Investigators also found patients with idiopathic Parkinson’s had significantly higher IL-6 levels than controls, but not as high as homozygous mutation carriers.
While CRP levels did not generally match the IL-6 results, there was a trend toward increased CRP in patients with Parkinson’s caused by PRKN or PINK1 mutations, compared with those with idiopathic disease or healthy controls. CRP levels correlated with IL-6 in affected PRKN or PINK1 mutation carriers, patients with idiopathic Parkinson’s disease, and healthy subjects.
Compared with patients with idiopathic Parkinson’s, there was a significant increase in mtDNA in homozygous mutations carriers and affected heterozygous mutation carriers.
There also was a trend toward elevated mtDNA in homozygous carriers and affected heterozygous individuals compared with controls. Furthermore, high mtDNA levels were found in affected compared with unaffected heterozygous mutation carriers.
Additional analyses also showed that mtDNA levels could distinguish patients with idiopathic disease from those whose Parkinson’s was associated with heterozygous PRKN or PINK1 mutations.
Researchers also found that in patients with idiopathic Parkinson’s, older subjects tended to have higher IL-6 levels; however, this trend was not found in homozygous mutation carriers or in healthy controls. Higher levels of IL-6 correlated with longer disease duration in those with homozygous mutations, but not in those with idiopathic disease.

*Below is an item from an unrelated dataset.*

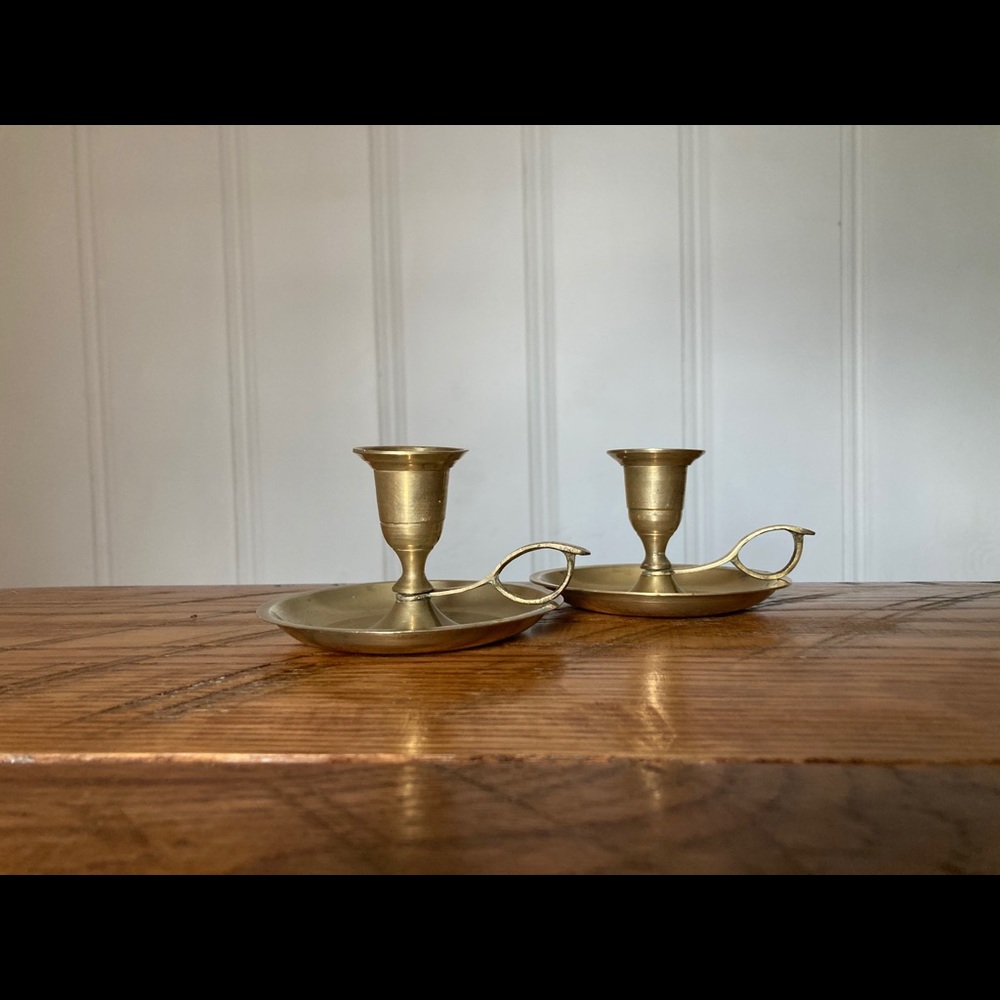 Brass Fingerloop Candleholders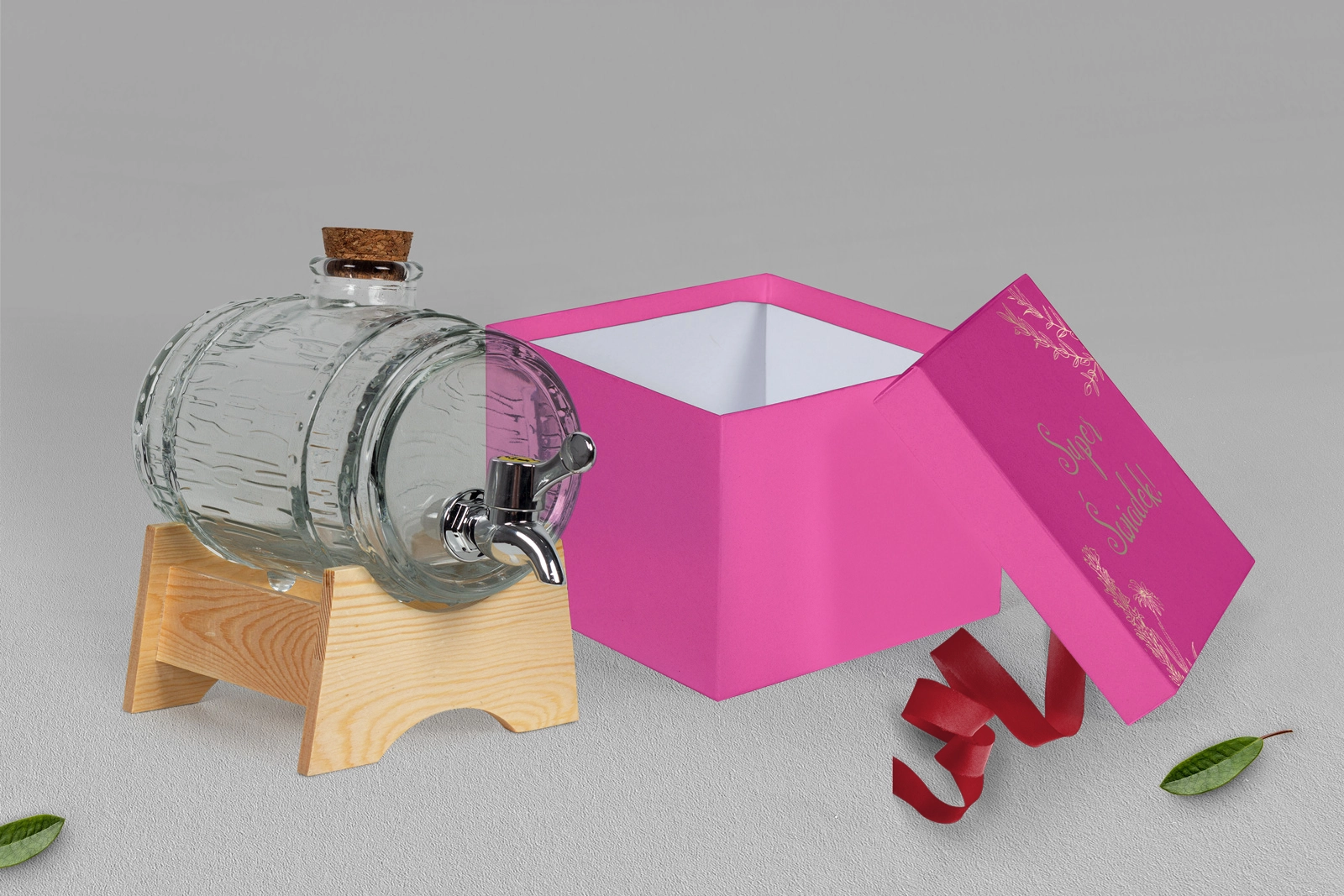 Antałek - opakowanie różowe Fiori Motyw 1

“These results highlight the potential of IL-6 as progression marker in Parkinson’s disease due to PRKN/PINK1 mutations,” they wrote.
After adjusting for age, trends in IL-6 levels remained, which also highlighted the differences in IL-6 levels in affected homozygous mutation carriers compared with affected heterozygous individuals and patients with idiopathic disease.
Given this connection between PRKN or PINK1 mutations and inflammation, “our study suggests that treatment with anti-inflammatory drugs holds the potential to alleviate the course of Parkinson’s disease — at least for patients with mutations in the Parkin or PINK1 gene,” Grünewald said.
“Our findings have a high value for potential clinical applications, be it biomarkers in the patient’s serum that detect the state of the disease or new therapeutic approaches targeting the innate immune response in Parkin/PINK1-associated Parkinson’s disease,” she added.